Disposable vapes create a new environmental problem

Single use vapes, the facts
Very tempting, colour and taste

It is well worth listening to the varied concerns from Greenpeace about how society is polluting the environment with ever new gadgets. Vapes were hailed by smokers as the best way to transition from smoking to stopping it or to avoid even starting. Manufacturers immediately saw their chance: the possibility of making money by developing single use vapes with different tastes when puffing and of course making them look attractive to children with the varied colour scheme.

Greenpeace is mostly concerned with the disposable single use vapes: "Two vapes are thrown away every second in the UK, 1.3 million disposable vapes each week, enough waste to fill 22 football pitches. It needs to be tackled. 110,000 people so far have signed the petition to ban single use vapes."

Forty countries have already banned or restricted them. According to Greenpeace: "3/4 of Brits think they should be banned. Single disposable vapes have now become an unwanted symbol of today's throwaway culture."
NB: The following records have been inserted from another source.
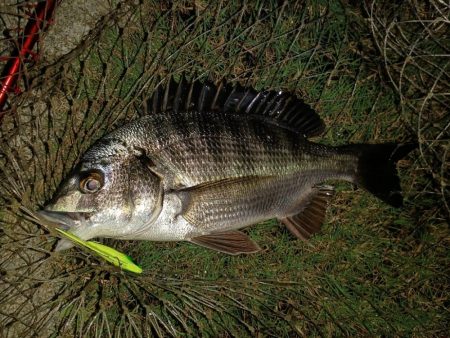 久しぶり釣行でチヌ2尾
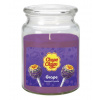 Chupa Chups Grape /hrozno/ vonná sviečka 510g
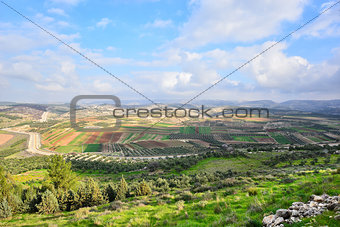 Israeli landscape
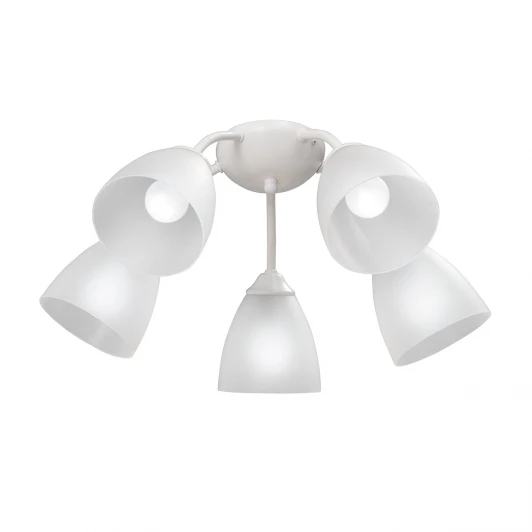 V3737-0/5PL Потолочная люстра Vitaluce V3737-0/5PL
A government ban is urgently needed of this wasteful product. Why call for a ban? "For one thing it does not make sense to keep flooding the market with single disposable vapes (600 puffs) when we have already reusable alternatives," Greenpeace states. In addition: "They are made from plastic, planet-wrecking oil."

Vapes are electronic devices so they can't be recycled with normal household waste and have even caused fires in bin lorries and at waste management centres.

It might be worth asking what other piece of technology is designed to be thrown away after one use.